Jacob continued, unfazed. “It’s also got an actor in it who I used to love when I was a kid—Josh from Nickelodeon’s Drake and Josh. I’d really like to see what he’s doing now.”

Undeterred, I continued my diatribe. “Well, I loved the original when I was a kid in the ’80s, but this one got TERRIBLE reviews. It’s going to be bad. I’m just telling you because I don’t want you to waste your money.”

About the time these last words came out of my mouth, I began to realize how much of a self-righteous jerk I was being. Unfortunately this is not uncommon for me—I can be oppressively opinionated and uppity. By God’s grace, however, I am learning to recognize it better and quicker. I’m so grateful for growing conviction, the evidence that God is still at work in my life.

A part of my problem is that sometimes I care about the wrong thing at the wrong time. Sometimes I care about fairness instead of generosity. Sometimes I care about someone else’s theological accuracy when quiet listening would be better. In this particular instance I was caring more about the quality of a film than I was caring about the quality of a conversation with my son. (In fact, I think he knew that I wouldn’t care for this movie but brought it up anyway, risking my scorn. Brave.)

Of course it’s good to care about things, and I do care about well-crafted films and good storytelling. I care, too, about nuanced and cathartic performances that are as delicious to the soul as a fine meal is to the palette. I am grateful for my capacity to enjoy these and other forms of art-making: books, music, painting, and on down the list. I care about these things because I’m convinced that beauty matters and is both a grace to be enjoyed and a calling to participate in.
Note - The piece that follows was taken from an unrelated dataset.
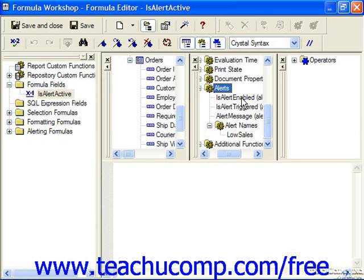IsAlertEnabled determines if the Enabled checkbox is checked for an alert. IsAlertTriggered determines if the record being evaluated is triggering the alert. And AlertMessage just returns the message or the formula typed into the message text box for the alert. Any alerts in the report are shown in the Alert Names subfolder.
But in that moment with Jacob, my care for a certain kind of beauty turned ugly and it was because I was picking the wrong thing to care about. Consequently I failed to recognize a more subtle and significant beauty that was being offered to me: the beauty of my son sharing his simple desire to see a movie—one that reminded him of fond memories of his childhood.

In that moment I had also been offered a chance to create something beautiful myself: a generous response with the power to foster a culture of kindness, grace, and intimacy in our home. What work of art—be it a song, a book, or a film—can compare to this?

By God’s grace I recognized what I’d done early enough to maybe do something about it. “Ah Jacob. I’m sorry. What a jerk I am sometimes. Can we try this again, would you let me? Let’s start over. Tell me again what movie you want to see.”

He laughed, but played along.  “Dad, there’s this movie I really want to see. It’s called Red Dawn.”

“Oh yeah? Man I loved that movie when I was kid. Tell me more about it, why do you want to see it?”

“Well, it’s got Peeta from the Hunger Games in it. It’s also got Josh from Drake and Josh” and just looks kind of cool to me.”

He was creating something beautiful of his own by graciously playing along with me, giving me a chance to make amends. This is the beauty of grace. “Awesome! Well, let me know when it comes out and maybe we can watch it together.” I said, smiling.

“Okay, dad,” he said, smiling back. He had accepted my apology and offered me a way back into his world. He is a kind boy.

Later that night my youngest son Gus asked if I’d lay by him in his bed a little bit before he went to sleep. After a little reading (from The Jesus Storybook Bible—Woot!), we lay there a bit in the dark. Kipper and Jacob had come upstairs and were across the hall talking with their mom, laughing, being rambunctious and making some noise.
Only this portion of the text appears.